[Records excerpted from a collection]
· · · · ·

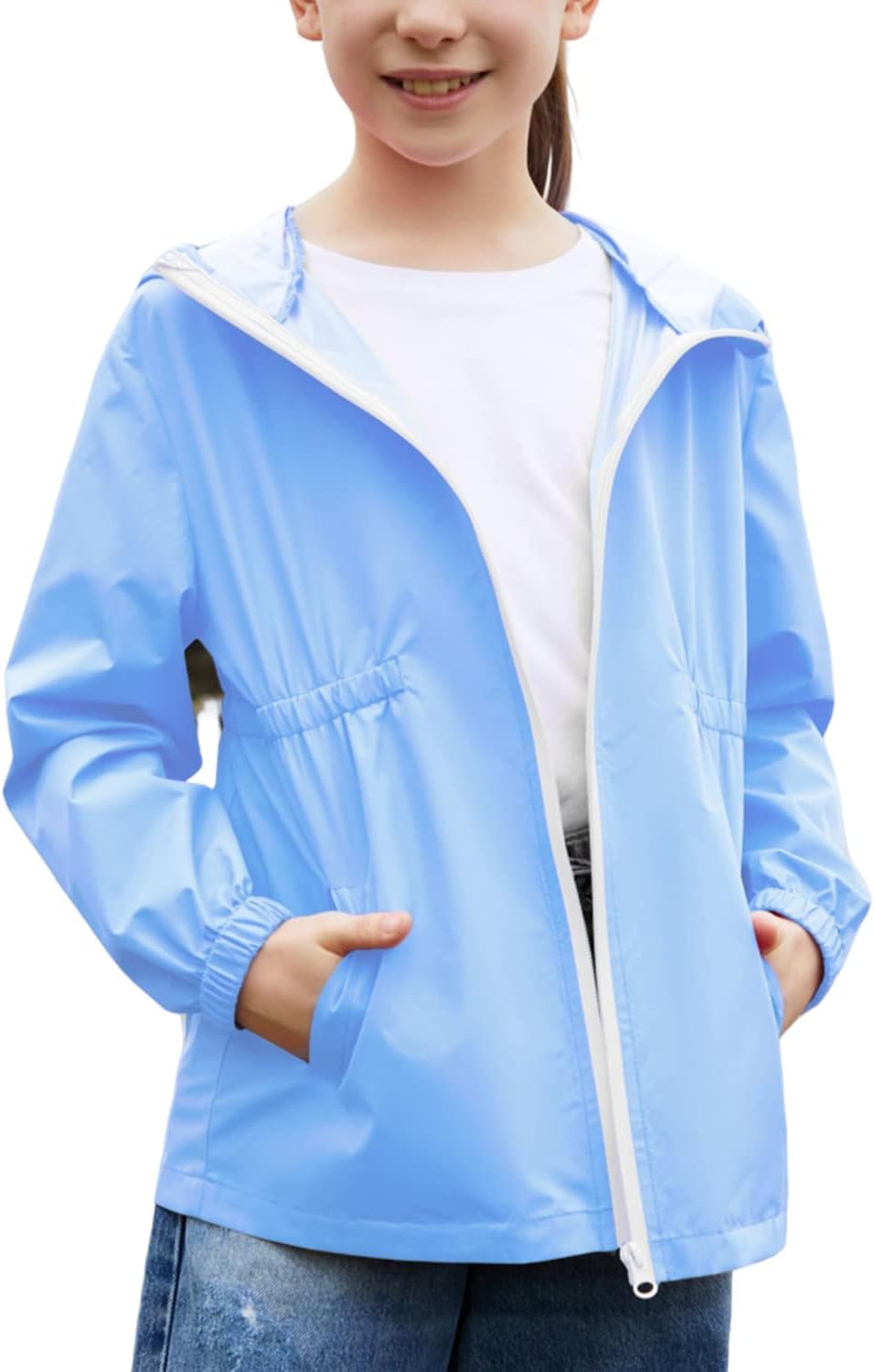 Modafans Kids Waterproof Rain Jacket Lightweight begun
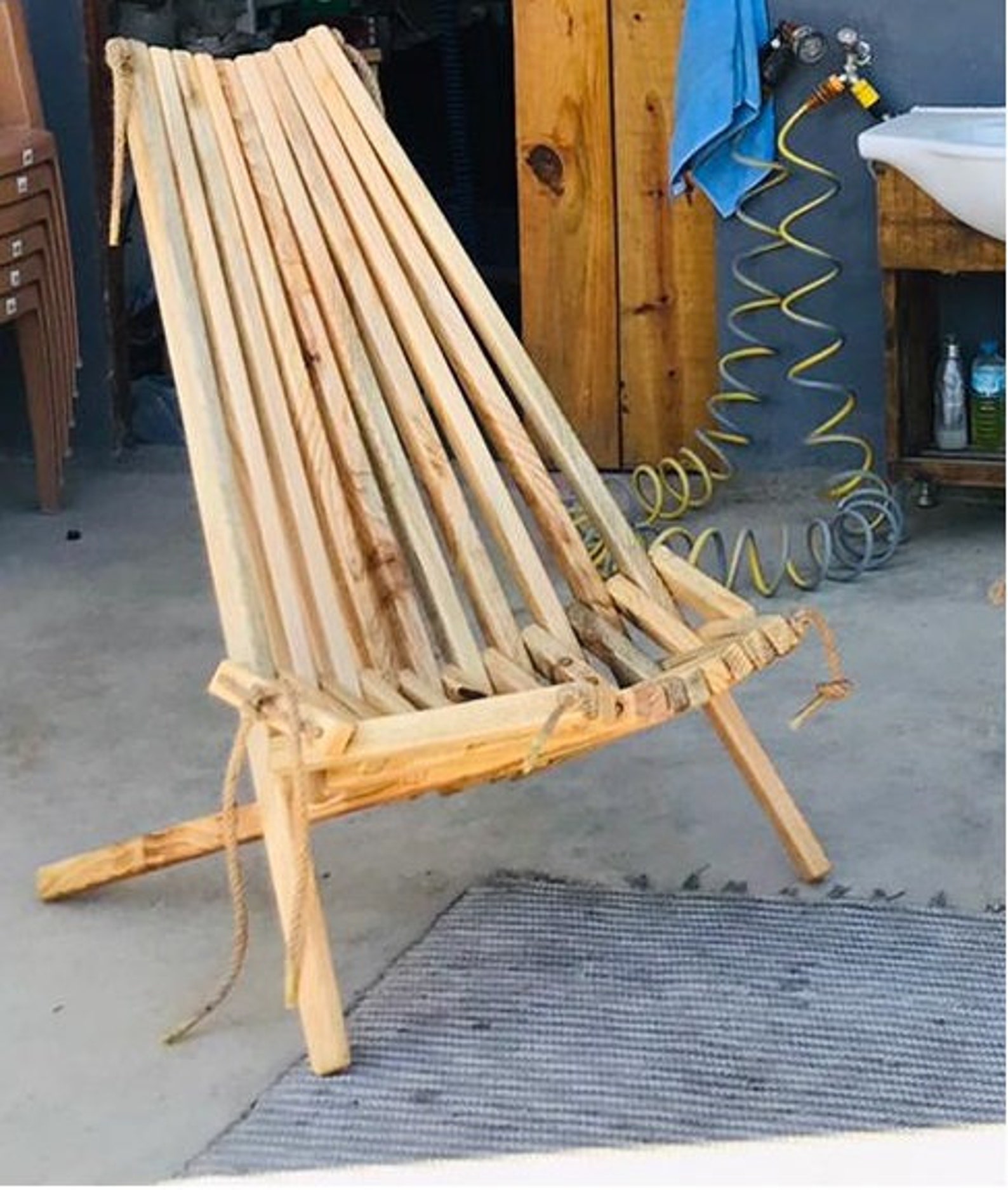 Stick Chair Etsy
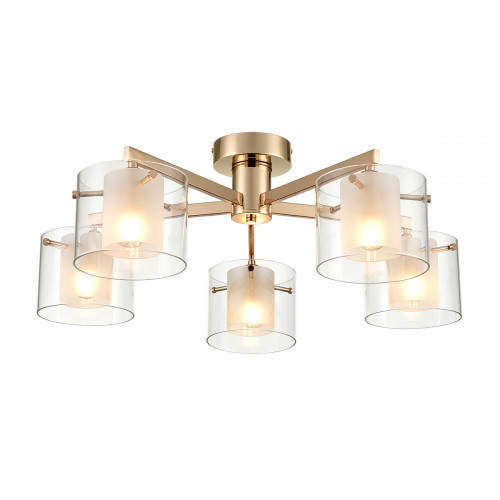 Люстра 6587/5C Lumion Золото, прозрачный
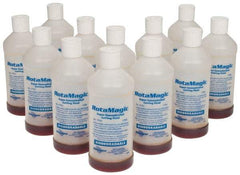 Hougen - RotaMagic, 16 oz Bottle Cutting Fluid - Water Soluble - Exact Tool & Supply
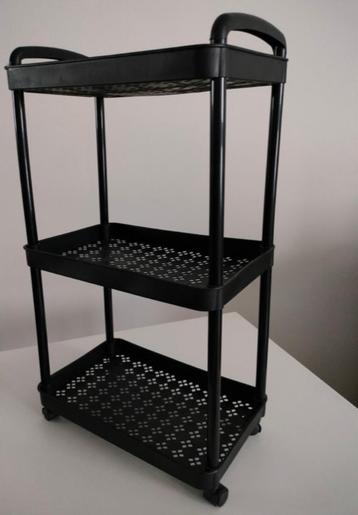 21x31x63 cm plastic extra plank op wielen NIEUW beschikbaar voor biedingen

· · · · ·

→ **HOW TO COMPLETE THIS TASK**: Exclude the images and copy every record above exactly.

→ **OUTPUT OF THE TASK**:
 Modafans Kids Waterproof Rain Jacket Lightweight begun
 Stick Chair Etsy
 Люстра 6587/5C Lumion Золото, прозрачный
 Hougen - RotaMagic, 16 oz Bottle Cutting Fluid - Water Soluble - Exact Tool & Supply
 21x31x63 cm plastic extra plank op wielen NIEUW beschikbaar voor biedingen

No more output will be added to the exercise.